Dungeons, Dragons, and the OTHER Phallic Desire
"You may be a group of unsightly men sitting around a card table on a Friday night, but your players will still be looking for chances to meet girls"
-Shamus Young, DM of the Rings XII: NPC Non Grata
I've been reading through old Dragon Magazines, and one of the things I've noticed is that, despite largely being by sweaty wargamers for sweaty wargamers, about Advanced Dungeons and Dragons with an approximate guy/gal ratio of 9/1, a lot of early Dungeons and Dragons material is...distressingly horny.
| via Dragon 33, "The Eyes of Mavis Deval" by Gardner F. Fox. I needed a header image, but also holy shit this story is emblematic of everything I'm gonna talk about today. |
This post came to me when I saw the mechanical term "Sexual Charisma," used in Dragon 33's Bazaar of the Bizarre entry for the lotion potion Cleo May, Cleopatra, Come to Me. Which...seriously, what the fuck.

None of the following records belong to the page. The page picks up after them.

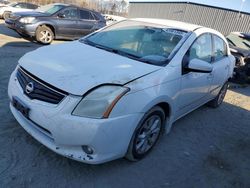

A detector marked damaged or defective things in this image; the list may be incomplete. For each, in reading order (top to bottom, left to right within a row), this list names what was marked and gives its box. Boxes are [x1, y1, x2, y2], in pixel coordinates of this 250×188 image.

cracked headlight [72, 85, 130, 118] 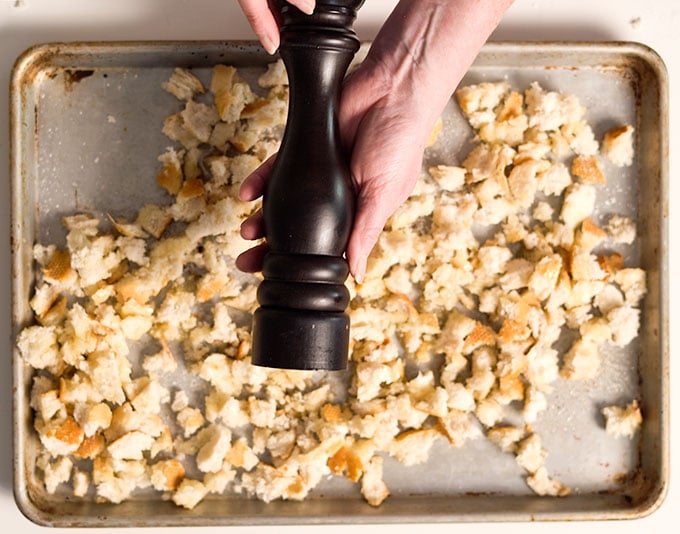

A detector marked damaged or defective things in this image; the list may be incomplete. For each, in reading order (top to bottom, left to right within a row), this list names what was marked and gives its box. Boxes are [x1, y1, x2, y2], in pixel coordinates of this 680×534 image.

rust spot on tray [63, 69, 94, 91] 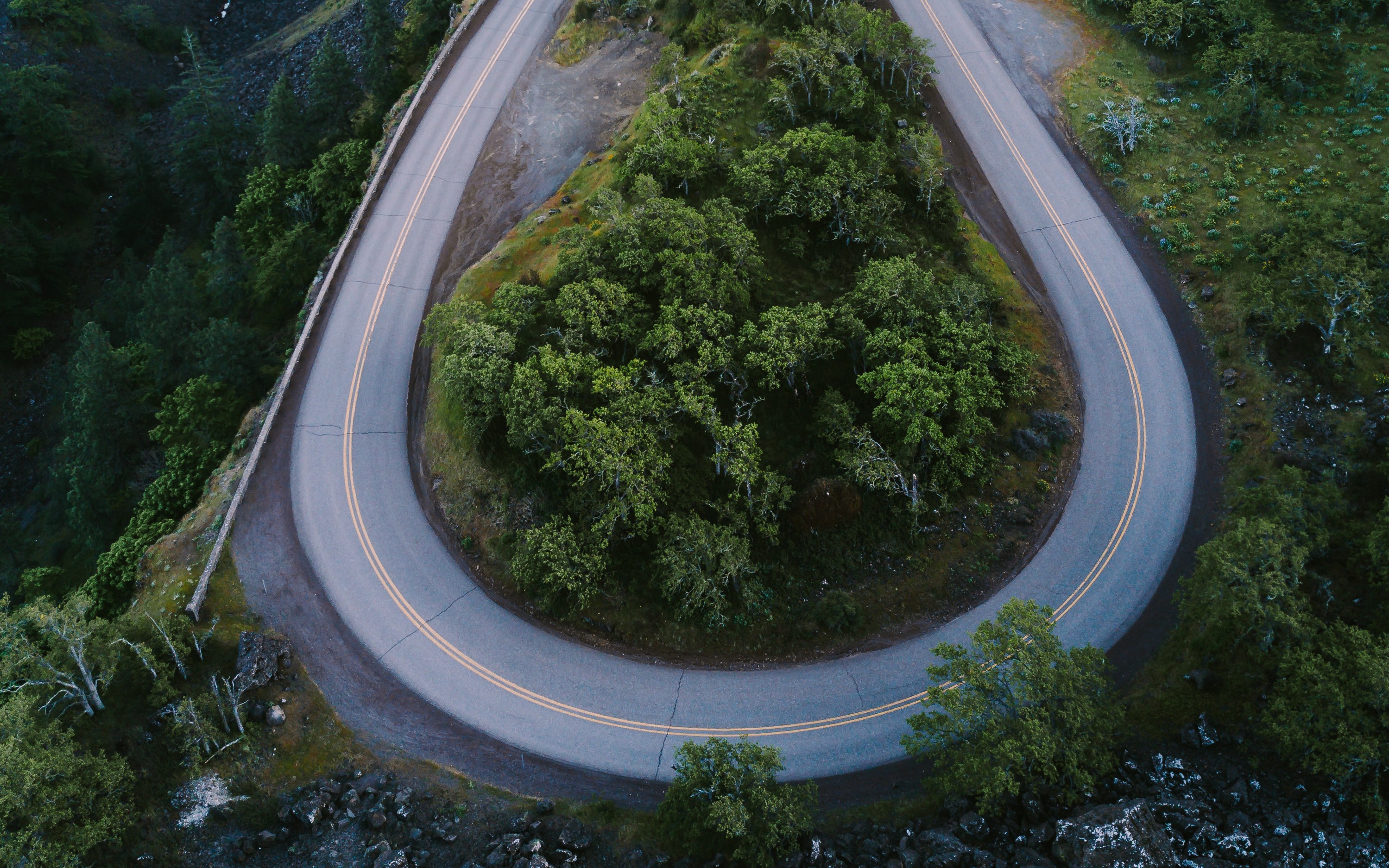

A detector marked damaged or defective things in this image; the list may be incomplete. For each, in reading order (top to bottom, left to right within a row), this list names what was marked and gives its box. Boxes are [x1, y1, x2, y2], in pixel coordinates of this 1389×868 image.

crack in asphalt [375, 586, 478, 661]
crack in asphalt [656, 667, 689, 783] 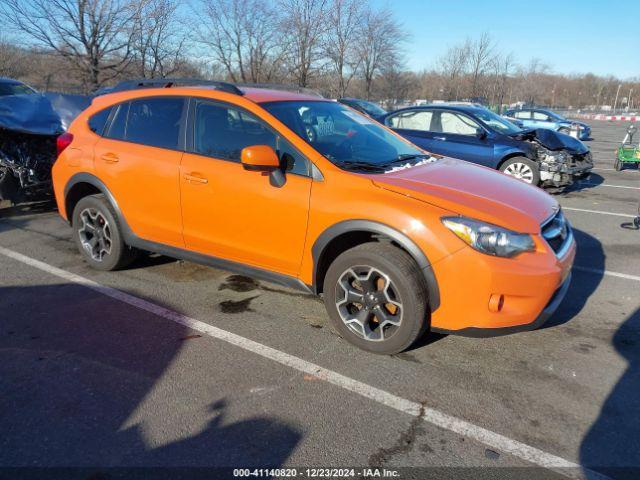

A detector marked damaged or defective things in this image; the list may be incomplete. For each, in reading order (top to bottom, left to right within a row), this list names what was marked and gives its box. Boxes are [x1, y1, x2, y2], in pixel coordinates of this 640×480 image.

broken headlight [440, 218, 536, 258] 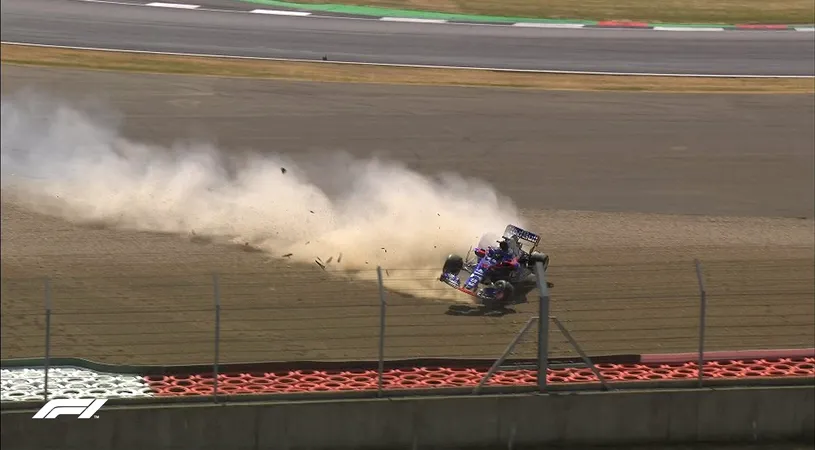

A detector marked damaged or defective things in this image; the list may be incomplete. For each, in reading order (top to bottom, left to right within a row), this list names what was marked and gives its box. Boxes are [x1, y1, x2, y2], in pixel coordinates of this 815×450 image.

crashed race car [440, 223, 556, 308] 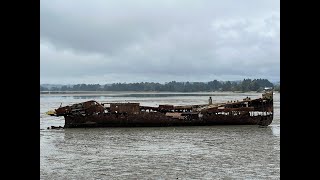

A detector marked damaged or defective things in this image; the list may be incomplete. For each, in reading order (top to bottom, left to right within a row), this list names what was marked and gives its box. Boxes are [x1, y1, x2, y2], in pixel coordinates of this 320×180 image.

rusted shipwreck [49, 89, 272, 127]
dark rusted metal [51, 88, 274, 127] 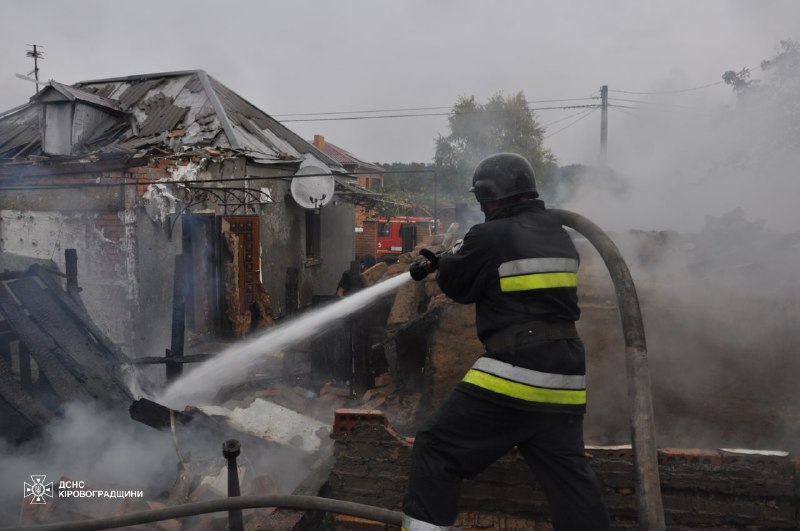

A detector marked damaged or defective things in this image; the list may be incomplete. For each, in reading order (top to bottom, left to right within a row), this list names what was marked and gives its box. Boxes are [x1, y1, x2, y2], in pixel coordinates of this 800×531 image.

burned structure [0, 70, 374, 360]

| Just above this is "African Ju Ju" if you were curious what the rest of this list looked like. Note also the lotion that makes someone obey you when you rub it on them. |
Smarter and better blogger Marcia B of Traverse Fantasy has described Dungeons and Dragons, particularly early Dungeons and Dragons, as a "Phallic Game" is a Freudian philosophical sense that, to be honest, I only half understand. What I didn't expect to find was that the phallic desire in the early D&D scene was a good deal more literal than Marcia intended. I don't mean to sound like a prude here, I h*ld h*nds with my girlfriend every chance I get, just like any red-blooded American would. It's just that:
- Because the audience of Dungeons and Dragons at this point is overwhelmingly young men, it has a certain juvenile bent to it that just makes me feel like I need to take a shower.
- Applying this horniness to a very rules-and-procedure heavy game like Advanced Dungeons and Dragons leads to results that are, to put it lightly, extremely funny.
| Also in Issue 33, a Libido Table brought to us by H.R. Lovins (yes, really). Yeah baby, nothing gets me going like rolling on charts. |
The causes of this are, of course, obvious. For one, porn was a lot harder to come by in those days (no pun intended), so people had to get it where they could, and what pornography did exist tended to be a lot more...restrained (again, no pun intended).Gygax was very open about being inspired by Robert E. Howard, and Howard did it because he was writing what the audience wanted, and the audience was a bunch of sexually frustrated young men who wanted to be the Big Man and have a babe (or ideally, a series of them). You can't show a woman just straight up having sex, it always has to be in couched terms, centered around a man's domination; women being "taken," or being under threat of rape, or things like that.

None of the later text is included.